2. Tennessee’s rush defense ranks 13th in the SEC (213.5 yards allowed per game). Kentucky’s rush offense ranks #13 as well (148.73 yards per game). UK has three players who’ve gained between 454 and 464 yards rushing. Whitlow is one. Freshman Jojo Kemp is another. But senior Raymond Sanders won’t play as Mark Stoops suspended him this week, effectively ending the senior’s playing career. With Sanders and out and Whitlow questionable, a bad Kentucky run game could get even worse.
3. Freshman quarterback Josh Dobbs will again get the start for Tennessee. The Vols have scored just three offensive touchdowns with Dobbs starting, but he has had one TD pass dropped, a TD run called back by penalty, and another would be TD pass — wait for it — that a streaking receiver lost in the lights. Might Dobbs have more success against a UK defense that’s giving up a 170.78 passer rating to BCS foes. That’s 20 points worse than the SEC 12th-best pass defense (Texas A&M) and just ahead of the league’s worse (Arkansas). The one concern for the Volunteers when throwing (aside from drops and bright lights)? The Wildcats have recorded 22 sacks on the season.
Bonus: Think both fanbases would like to just skip ahead to signing day? Neither first-year coach has had much success on the field, but both Butch Jones and Stoops have been tearing it up on the recruiting trail.
Prediction: Tennessee 17, Kentucky 10
Texas A&M (8-3) at Missouri (10-1)
TV: 7:45pm ET on ESPN
Opening Line: MU -3
Current Line: MU -4.5
One To Watch: Missouri coach Gary Pinkel. The man who’s led Mizzou to the cusp of an East Division title will have a big decision to make Saturday night — How much head to put on Johnny Manziel? The Tigers’ pass defense is at the bottom of the SEC allowing 272.8 yards per game. In most cases, then, the goal would be to get after the opposing quarterback before he can attack the secondary. And Missouri does have a league-leading 35 sacks. But does Mizzou want to risk Johnny Football (the league’s 12th-best rusher with 665 yards) scrambling around for back-breaking big plays?

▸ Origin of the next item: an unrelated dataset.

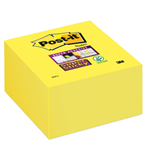 BLOCCO 350foglietti Post-itÂ®Super Sticky 2028-S 76x76mm GIALLO ORO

The Tigers will need to be very careful when rushing Manziel. They cannot past him in the pocket, opening up escape routes and rush lanes for the jitterbugging all-star.
This And That:
1. Manziel Heisman chances are likely kaput after LSU stifled the Aggies’ offense last week. But A&M is still targeting a good bowl berth to end Kevin Sumlin’s second year in College Station. And with Manziel and receiver Mike Evans both possibly leaving early for the NFL, expect a few more highlight plays from the duo tomorrow night in Columbia.

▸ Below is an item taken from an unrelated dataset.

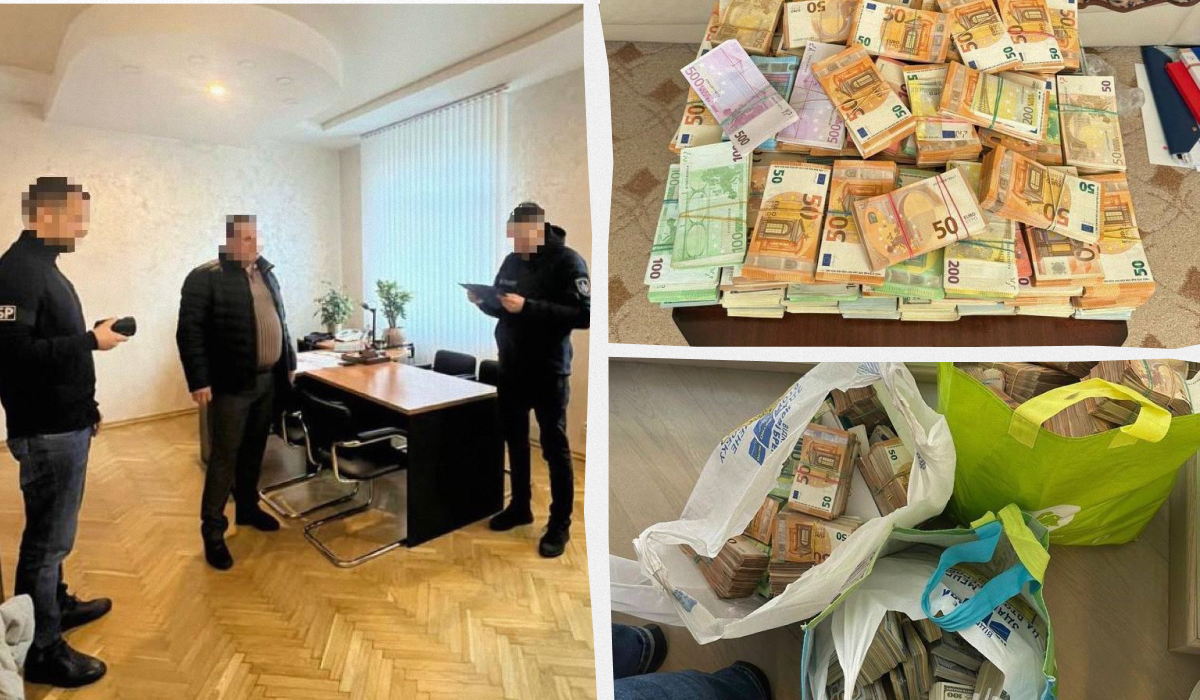 Ривненский депутат коллекционировал пакеты с деньгами / коллаж УНИАН, фото t.me/pgo_gov_ua Ривненский депутат коллекционировал пакеты с деньгами / коллаж УНИАН, фото t.me/pgo_gov_ua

2. A&M’s defense has been horrible all year and it’s hard to imagine MU’s balanced, up-tempo, spread attack not putting up yards and points galore. So again things come back to Manziel and Sumlin’s offense. Can they do damage to Missouri? Obviously they can, but the Tiger defense ranks second in the SEC behind Alabama in scoring defense (against all foes, SEC foes only, and BCS foes only). Dave Steckel’s crew will be tested by A&M’s broken play ability, but the Tigers are no joke on D, ranking just behind Bama in rushing defense, too.
3. Upsets typically require turnovers, but that’s not a stat that works in A&M’s favor. Missouri is plus-14 overall while the Aggies are even with 20 takeaways and 20 giveaways so far. In conference games, the difference between the two squads is even more pronounced: Tigers plus-10, Ags minus-seven.
Bonus: Pressure busts pipes. The pressure will be on Mizzou tomorrow night to fend off Texas A&M and lock up a trip to Atlanta in just its second year in the Southeastern Conference. How will James Franklin and crew hold up under that weight?